INSTRUCTIONS FOR THE TASK:
Give the entries again exactly, without pictures.

Source data
== Segment start ==
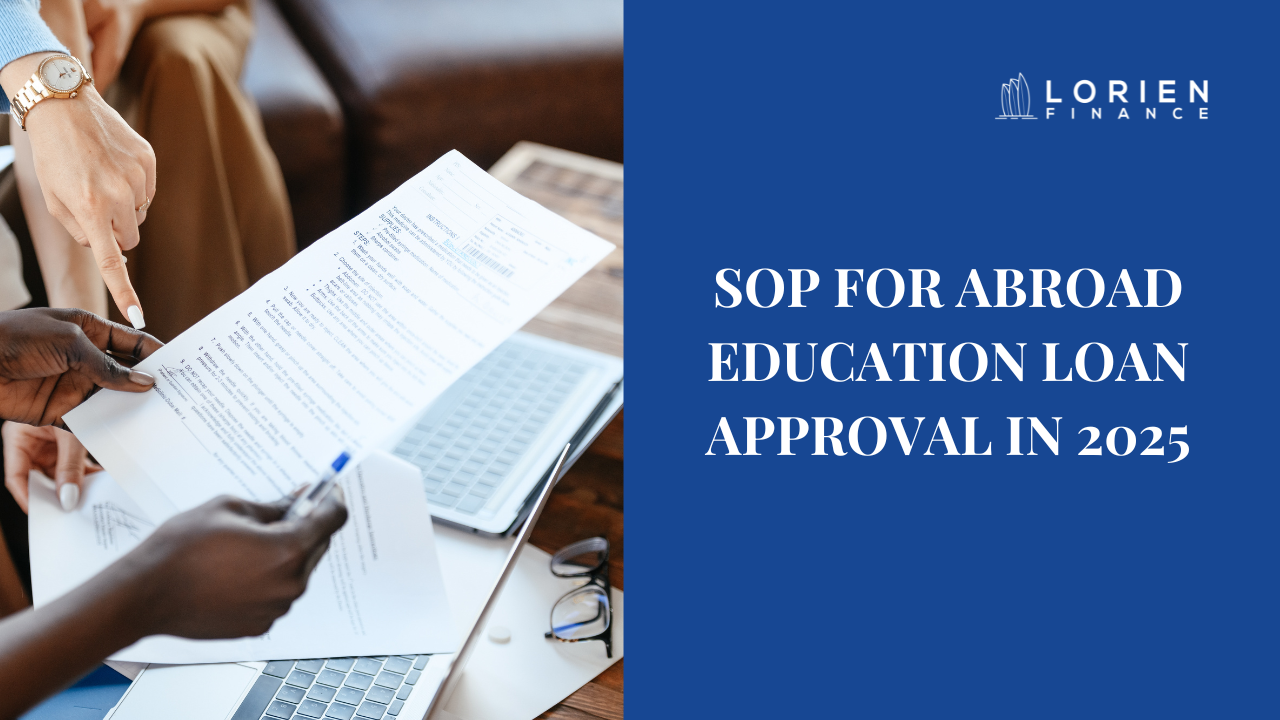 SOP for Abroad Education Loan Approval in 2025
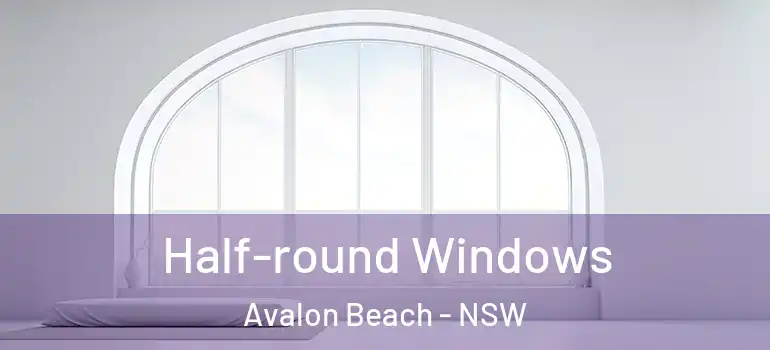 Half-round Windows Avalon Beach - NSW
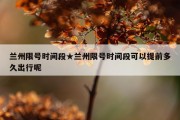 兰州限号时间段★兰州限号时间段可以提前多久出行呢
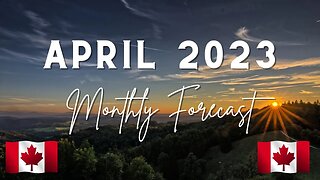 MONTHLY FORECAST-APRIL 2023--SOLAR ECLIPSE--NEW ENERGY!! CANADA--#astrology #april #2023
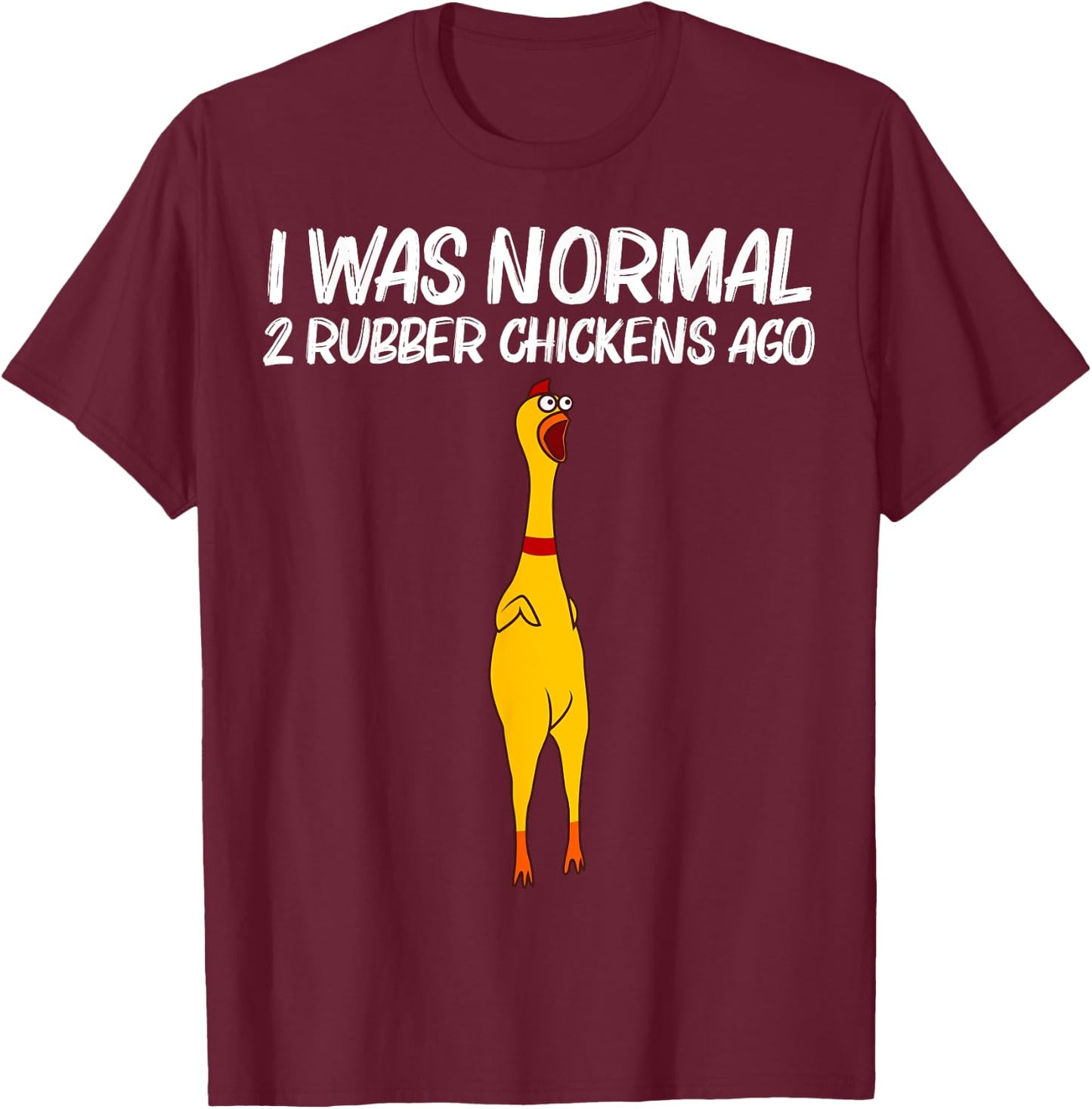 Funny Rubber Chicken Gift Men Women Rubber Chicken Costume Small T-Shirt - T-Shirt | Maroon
== Segment end ==
RESPONSE:
 SOP for Abroad Education Loan Approval in 2025
 Half-round Windows Avalon Beach - NSW
 兰州限号时间段★兰州限号时间段可以提前多久出行呢
 MONTHLY FORECAST-APRIL 2023--SOLAR ECLIPSE--NEW ENERGY!! CANADA--#astrology #april #2023
 Funny Rubber Chicken Gift Men Women Rubber Chicken Costume Small T-Shirt - T-Shirt | Maroon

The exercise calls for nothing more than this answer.